Turn! Turn! Turn! was made into a number one hit by The Byrds in 1965, and covered by a multitude of other artists including Dolly Parton and Chris de Burgh.

Seeger’s influence continued down the decades, with his induction into the US Rock and Roll Hall of Fame in 1996, and he won a Grammy award in 1997 for best traditional folk album, with Pete.

He won a further two Grammys – another for best traditional folk album in 2008 for At 89 and best children’s album in 2010.Pete Seeger 1984

He was a nominee at Sunday night’s ceremony in the spoken word category.

He was due to being honoured with the first Woody Guthrie Prize next month, given to an artist emulating the spirit of the musician’s work.

‘Living archive’

Musician Billy Bragg paid tribute to Seeger’s life via Twitter: “Pete Seeger towered over the folk scene like a mighty redwood for 75 years. He travelled with Woody Guthrie in the 1940s, stood up to Joe McCarthy in the 50s, marched with Dr Martin Luther King in the 60s.

“His songs will be sung wherever people struggle for their rights.

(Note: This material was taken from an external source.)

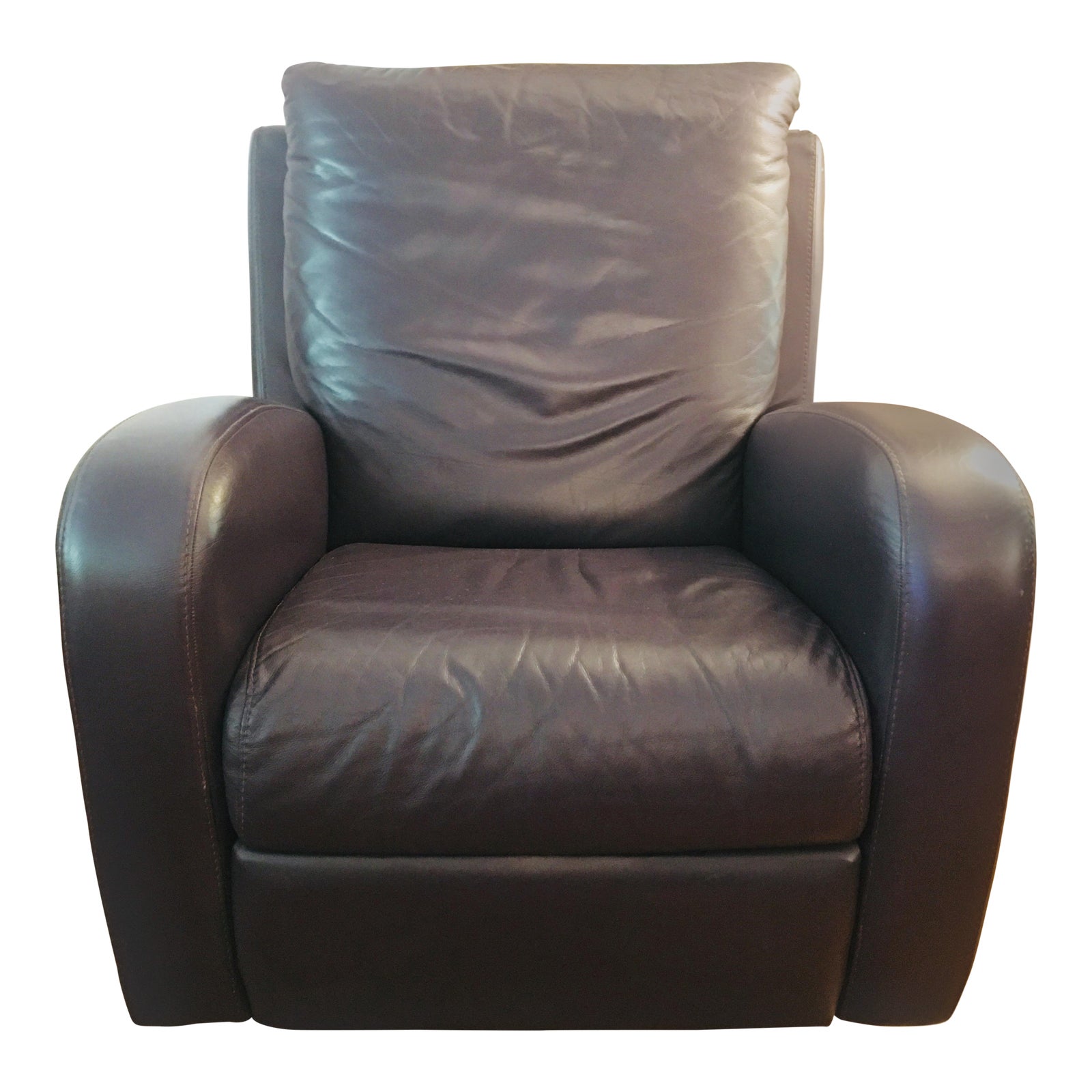 Natuzzi Italian Aubergine Leather Recliner Rocker Swivel Chair Chairish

We shall overcome.”

Mark Radcliffe, host of BBC Radio 2’s Folk show, said: “Pete Seeger repeatedly put his career, his reputation and his personal security on the line so that he could play his significant musical part in campaigns for civil rights, environmental awareness and peace.

“He leaves behind a canon of songs that are both essential and true, and his contribution to folk music will be felt far into the future.”

Seeger performed with Guthrie in his early years, and went on to have an effect on the protest music of later artists including Bruce Springsteen and Joan Baez.

In 2006, Springsteen recorded an album of songs originally sung by Seeger.

On his 90th birthday, Seeger was feted by artists including Springsteen, Eddie Vedder and Dave Matthews in New York’s Madison Square Garden.

Springsteen called him “a living archive of America’s music and conscience, a testament of the power of song and culture to nudge history along”.

His other musical output included albums for children, while appeared on screen several times as well.

A reunion concert with The Weavers in 1980 was made into a documentary, while an early appearance was in To hear My Banjo Play in 1946.

The band, who had a number one hit with Good Night, Irene in the early 1950s, went their separate ways soon afterwards.

Seeger’s wife Toshi, a film-maker and activist, died aged 91 in July 2013. They leave three children.